Sudan farmers protest government 'land grab'

A Sudanese farmer ploughs his field in the capital Khartoum in 2010.

Agence France Presse | 01/04/2011

Around 800 farmers protested Friday against a government decision to seize land from a village in Gezira state, Sudan's agricultural heartland, without compensating the owners, witnesses said.

The protest coincided with a speech by opposition leader and former prime minister Sadiq al-Mahdi, who said the government was facing its own "Tunisian and Egyptian experience."

After Friday prayers in the village of Fudasi, around 160 kilometres south of Khartoum, 800 demonstrators marched to the land that was appropriated by the government to build a university college.

There they confronted a small group of police, burning their tent and demanding that they leave.

More police arrived from the nearby town of Wad Madani to pick up their colleagues and take them away, the witnesses said.

In neighbouring White Nile state, the religious and political leader of the opposition Umma party said the government was facing mounting opposition, despite unveiling a string of populist policies.

"These last days, we have seen many initiatives by the government, such as the establishment of an anti-corruption commission, and Khartoum state's plan to create new jobs for graduates," Mahdi said in a mosque sermon to the Umma faithful.

"But all the evidence suggests that the Sudanese government is facing a Tunisian and Egyptian experience," added Mahdi, who was ousted by President Omar al-Bashir in an Islamist-backed military coup in 1989, three years after being democratically elected.

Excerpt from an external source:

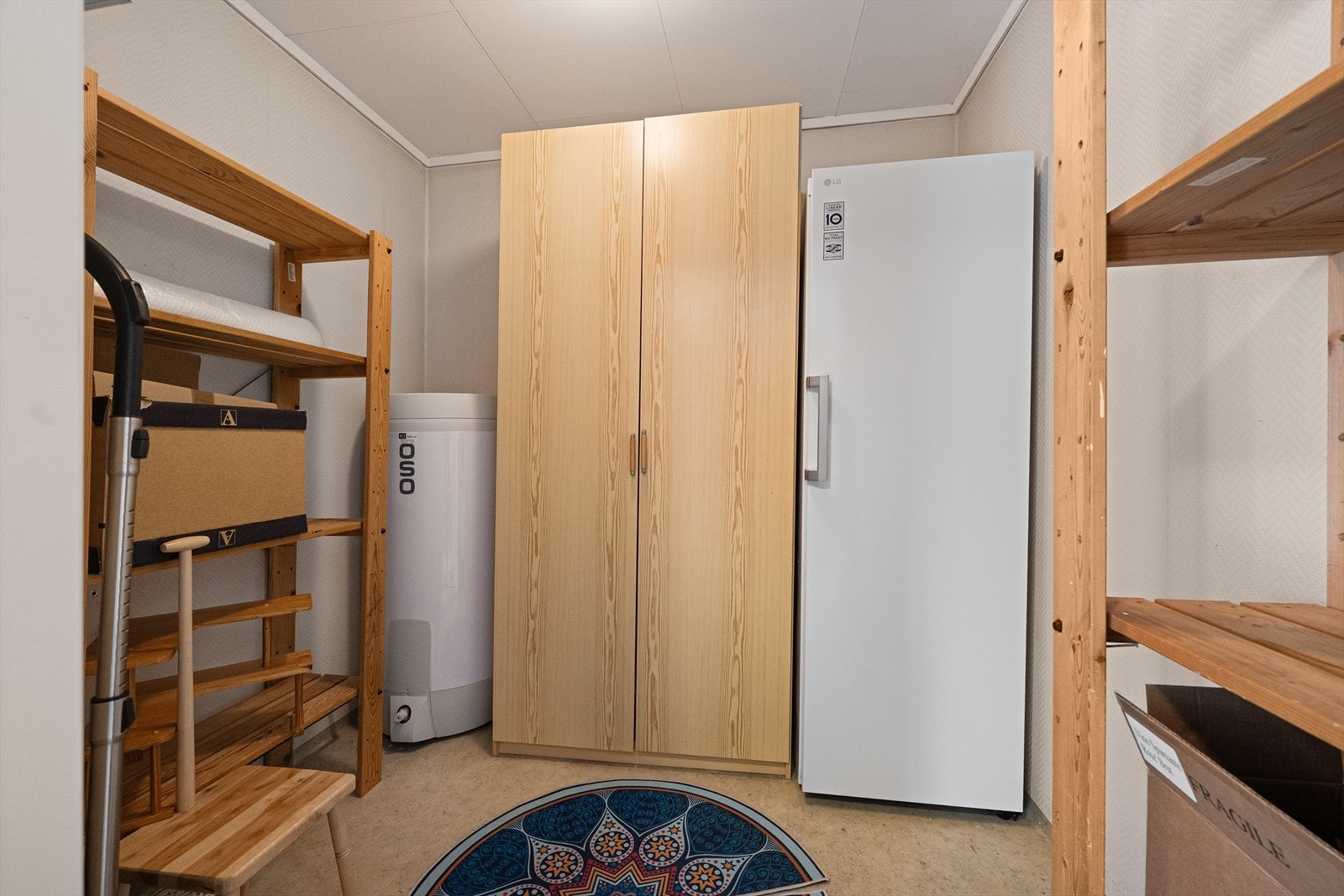 Bod/teknisk rom med ny varmtvannsbereder på ca. 200 liter, installert i 2024. Originalt vaskerom med opplegg for vaskemaskin. Galleribilde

Sudan has witnessed sporadic anti-regime protests since January, but unlike in Tunisia and neighbouring Egypt, they have failed to gather momentum, with the authorities pursuing a zero-tolerance policy towards any opposition demonstrations and maintaining tight control in the capital.

Original source: AFP


  1. Talib Murad Ali Elam, DVM, Ph.D
    04 Apr 2011

    Sudan does not have the capacity to increase its agriculture productivity horizontally. Sudan has already given over tens of thousands of hectares of prime agriculture land to other countries like China and the Gulf States. In addition increasing agriculture in Sudan, will again lead to further demands on the waters of the Nile, a situation itself which is already a bone of contention between the Nine Nile Valley Countries. Sudan is in a receiving end of food for nearly 5.5 million of its population from WFP. The 18 billion cubic meters of water is the share of Sudan from the Nile, this without doubt will be divided between the North and the South. The southern promised Egypt with water from their share, how long this will last??